Articles Tagged with sleek
You are currently browsing 9 articles tagged with sleek.
jQuery 3D Circle
Published Monday 12th of December 2011
I wanted to learn more about CSS 3D transforms so I started experimenting with the login page on SleekPHP.
It all turned into a jQuery Plugin called "3D Circle". I haven't uploaded it to the site yet but you can find both the CSS and the JS (beta) on Google code.
There's also a demo you can try out here (only tested in Chrome).
It's just a save of the HTML, CSS and JS on that page so you won't actually be able to sign up or do anything else.

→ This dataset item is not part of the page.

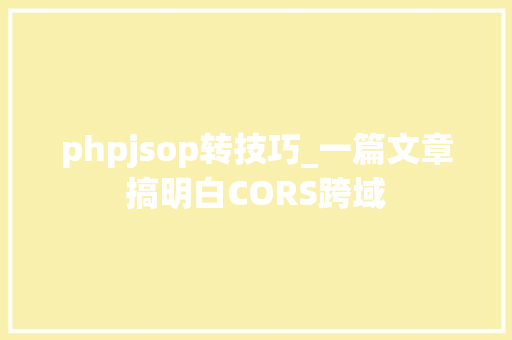 phpjsop转技巧_一篇文章搞明白CORS跨域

That's not the point of the demo though so.
I've only tried it in Chrome but use all vendor prefixes in the CSS so if your browser supports them all it should work in it too.
It took me a while to get everything the way I wanted it. The circle is automatically generated based on the items on the page. So if you add or remove items the circle adapts.
First I tried calculating the positions myself using sin and cos and apply them to the item's translateX and translateZ values. This worked fine before I started rotating the items as well. Without rotation the items were all facing the screen but they were at least in a circle.
When I started rotating the items all hell broke lose and nothing looked right. After some debugging I noticed that the rotation's origin is always from the 0, 0, 0 position. So the item would no longer rotate around itself but around the point at 0, 0, 0.
Thanks to this, though, it was much easier than having to calculate the circle positions myself. All I needed to do was place all the items at z: radie and then rotate them by 360 deg / num items.
Doing that placed all my items in a nice circle. Now to rotate this circle all I needed to do was rotate the parent element of all the items.
The problem with this, though, is that some items will be "in front" of the 0 z pane. That means they will look pretty much twice their size and that's not what we want.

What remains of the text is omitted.